Kunstwerke befragen, Sinnschichten "entschälen"- eine kritische Einführung in die Ikonologie

vollständiger LV-Titel: 
Kunstwerke befragen, Sinnschichten "entschälen" - eine kritische Einführung in die Ikonologie
LV-Nummer: 
S51010
LV-Typ: 
Vorlesung
Lehrbeauftragte: 
Verena Krieger
Wochenstunden: 
2
Abhaltung
Semester: 
2011S
Abhaltung: 
wöchentlich
Termin: 
Dienstag, 16:30-18:00 Uhr
Beginn: 
Dienstag, 8. März 2011, 16:30-18:00 Uhr, Hörsaal 1 (Altbau, Erdgeschoß)
Ort: 
Hörsaal 1
Lehrinhalt: 

Die Ikonologie ist eine der wichtigsten, einflussreichsten und zugleich umstrittensten Methoden der Kunstgeschichte. Ihr Anliegen ist es, kurz gesagt, Kunstwerke in ihren ideengeschichtlichen, kulturellen und gesellschaftspolitischen Kontext zu rücken und auf ihre Bedeutung innerhalb dieses Kontextes zu befragen. Das klingt zunächst ganz einfach und einleuchtend, aber damit fangen die Fragen und Kontroversen erst an: Wie ist das konkret zu bewerkstelligen und zu welchen Ergebnissen gelangt man auf diese Weise, und: führt das nicht zu einer Reduktion des Kunstwerks auf seinen dokumentarischen Wert?

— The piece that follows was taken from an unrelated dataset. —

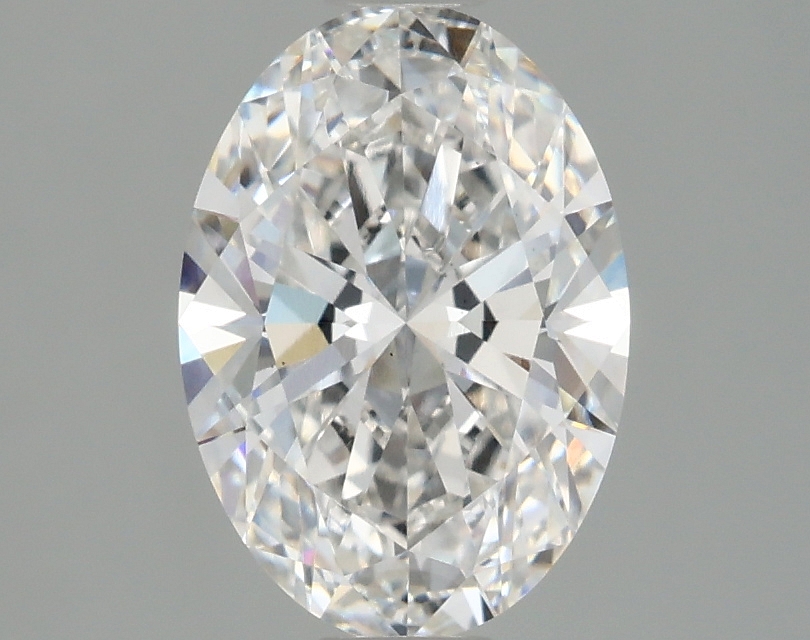 Brilliant Diamond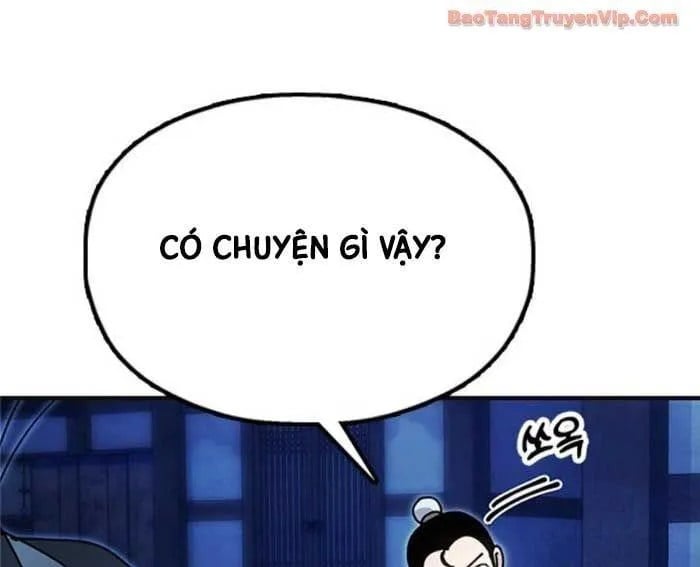 Vĩ Nhân Kiếm Chap 18 - Next Chap 19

Begründet durch Aby Warburg und Erwin Panofsky im ersten Drittel des 20. Jahrhunderts, wurde die Ikonologie seither durch viele AutorInnen angewendet und weiterentwickelt. Seit den 1970er Jahren hat sie zahlreiche Erweiterungen um sozialpolitische, feministische, psychohistorische, repräsentationskritische etc. Ansätze erfahren. Heute ist sie kanonischer Bestandteil der Kunstgeschichte, aber durch die Kanonisierung ist sie mitunter auch starr, vereinfacht und problematisch geworden. Dem soll die Vorlesung entgegenwirken, indem sie die Ikonologie selbst einer Historisierung und kritischen Befragung unterzieht.

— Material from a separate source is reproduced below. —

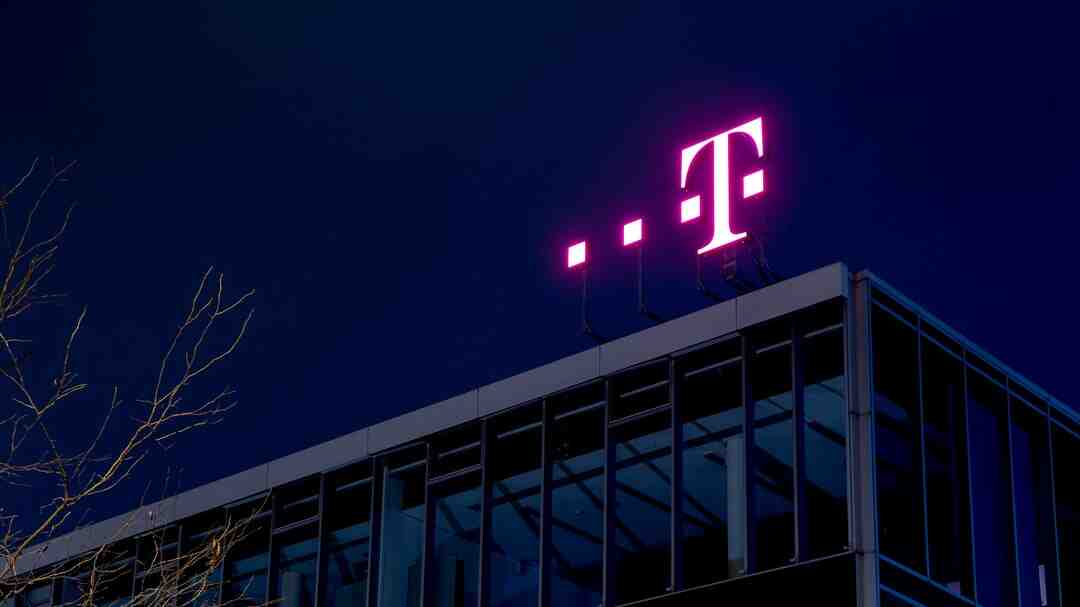 Quelle est la différence entre la loi Hamon et la loi Chatel ?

Im Zentrum der Vorlesung steht die ausführliche Darstellung der theoretischen Konzepte, methodologischen Überlegungen und kunsthistorischen Forschungsergebnisse von Aby Warburg und Erwin Panofsky. Dabei wird auch ihr geistes- und wissenschaftsgeschichtlicher Kontext genauer beleuchtet, d.h. es werden wichtige Vorläufer und zeitgenössische Anreger und deren Theorien vorgestellt. Daran anschließend werden einige Aspekte der neueren Ikonologie-Diskussion vorgestellt: Aktualisierungen, Erweiterungen, aber auch die Kritik der Ikonologie. Ein wichtiges Thema wird die Frage sein, wie eine Ikonologie der modernen und zeitgenössischen Kunst aussehen kann.

Die Theorie wird anhand konkreter Beispiele erläutert. An prominenten und weniger prominenten Werken der Kunstgeschichte werden exemplarisch die Ergebnisse ikonologischer Forschung - auch in ihrer Widersprüchlichkeit und historischen Begrenztheit - vorgestellt und diskutiert. Insofern bietet die Vorlesung eine Mischung aus Geschichte der Kunstgeschichte, Methodologiereflexion und Übersicht über wichtige Forschungsergebnisse der deutschsprachigen Kunstgeschichte.